The report urges the EU and its member states to take responsibility to support democracy and tolerance as common societal values. In particular, it says national experts interviewed in the course of the research highlighted the need for improved teacher training throughout the EU to better equip teachers for teaching common values.

The Edge recently got in touch with Dr Zulkifly Baharom, who heads the Sejahtera Leadership Initiative (SLI), a self-leadership development programme for students.

Established last year at the Chancellery of Universiti Sains Islam Malaysia by its chairman Prof Tan Sri Dzulkifli Abdul Razak and Zulkifly as its CEO, SLI aims to offer “balanced well-being programmes and projects” that coexist with common dignity and shared values for peace, sustainability and compassion.

More than preparing students for their future careers, SLI seeks to prepare them for sustainable livelihoods in a world of small and medium enterprises and social entrepreneurship, Zulkifly explains.

“Quality of life is generally understood as the state of well-being that is beyond the measure of material wealth, but includes health and happiness as well as well-being and wellness in a more cohesive way.
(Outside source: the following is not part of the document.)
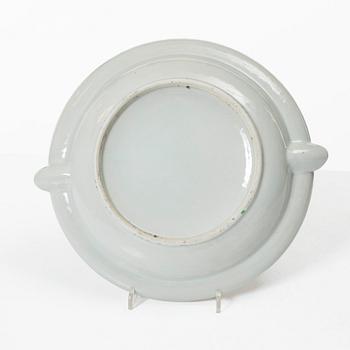 Värmefat, porslin. Qingdynastin, Kanton, 1800-tal.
This has shifted the emphasis of human development towards lifelong learning for educators and students, and clear engagement with the community,” he says.
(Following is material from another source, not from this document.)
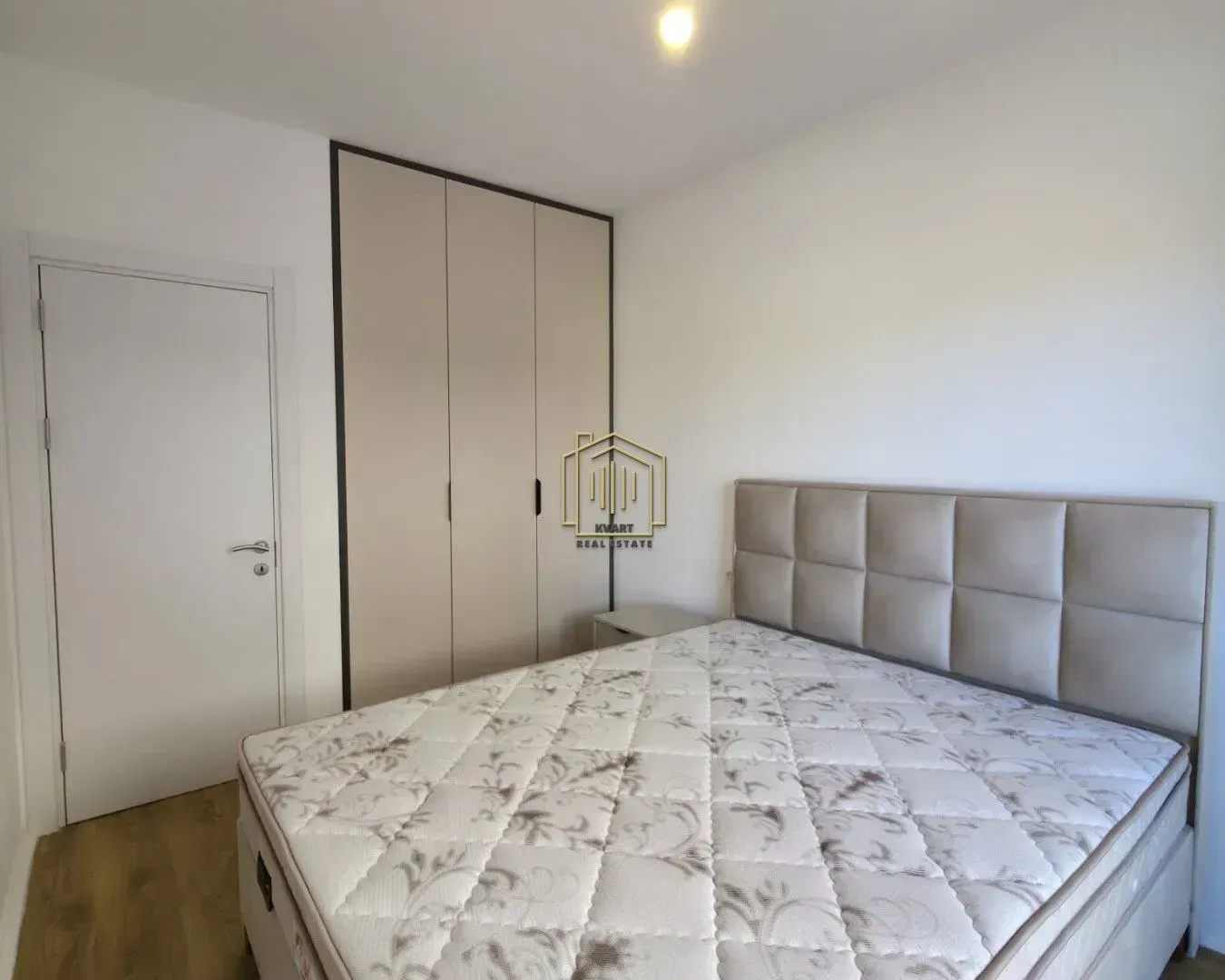 Prodaja, dvosoban stan, 64m², Cetinje, Crna Gora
Essentially, the initiative allows students to learn the conceptual model framework and caring best practice of Sejahtera Leadership, develop a personal strategy to improve effectiveness in implementing Sejahtera values and build lasting networks of leaders who are committed to addressing humanity and ecosystem issues.
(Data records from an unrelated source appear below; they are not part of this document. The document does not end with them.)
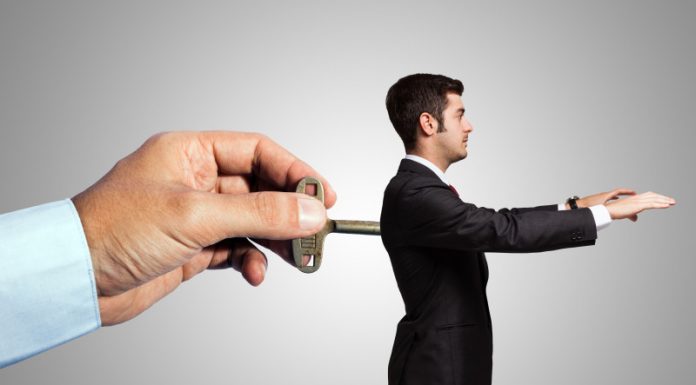 Educaţia…şi Lecţia de viaţă – «Unii se gândesc la ceea ce se întâmplă şi întreabă: de ce? Eu mă gândesc la ceea ce nu există şi întreb: de ce?»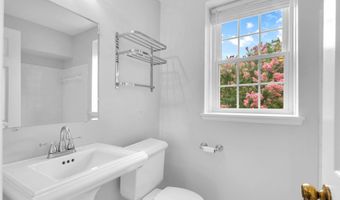 2971 S COLUMBUS St B1, Arlington, VA 22206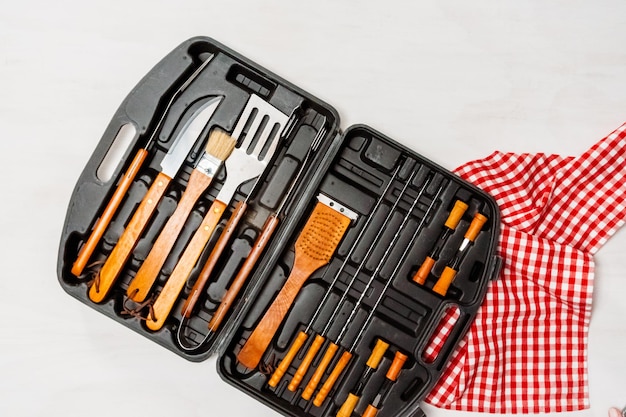 Photo simple bbq cooking set in plastic case.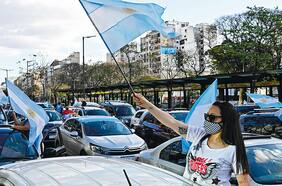 Gobierno de Fernández acusa a oposición de “no aceptar resultado electoral”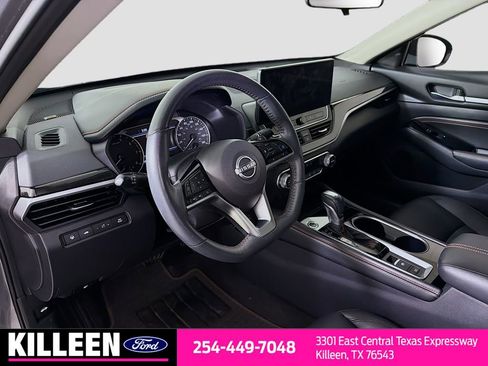 Used 2023 Nissan Altima 2.0 SR FWD image 10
SLI learning programmes make extensive use of the research findings and case study method, enabling students to explore the framework and share experiences within the context of the United Nations Sustainable Development Goals as well as Gross Domestic Happiness. The initiative has since attracted international participation and collaboration, says Zulkifly.

He emphasises the need to promote greater well-being to ensure students are equipped with the necessary innovative and creative skills to thrive as future leaders and balanced individuals.

“Thus, SLI looks forward to the emergence of a new kind of economic system that combines the dynamism of the market with an explicit concern for more equitable distribution of its wealth.

“Can the bottom-line-driven practices of the global economy incorporate sejahtera (well-being) in the pursuit of wealth? Or is economics driven solely by materialism and self-interest? [Pursuing] sejahtera may be the path to a healthier economy,” says Zulkifly.

Yet, like the cardinal rule in education, a teacher’s guidance is of utmost importance, according to Dr Murni Wan Mohd Nor, senior lecturer at the Department of Government and Civilisation Studies in Universiti Putra Malaysia (UPM).

Citing UPM’s philosophy of channelling “ihsan as the pillar of excellence”, Murni explains that the slogan is there to encourage staff and students to inculcate values of sincerity and integrity, and strive for excellence.

“I believe the educator plays the most important role in nurturing a student to become a good person. This is the highest aim of education, and that is one who is aware of his higher purpose and continuously strives to perfect his character. I try my best to live by this principle, to be just in all that I say and do with my students, to be the example that I want them to be.

“Because sincerity, or the lack of it, shows. If an educator cannot walk the talk, then the initiatives to inculcate values are just a façade that students will see through and treat as nothing more than another item to tick off for their graduating requirements. The educator is key, and each must take his or her responsibility seriously,” she says.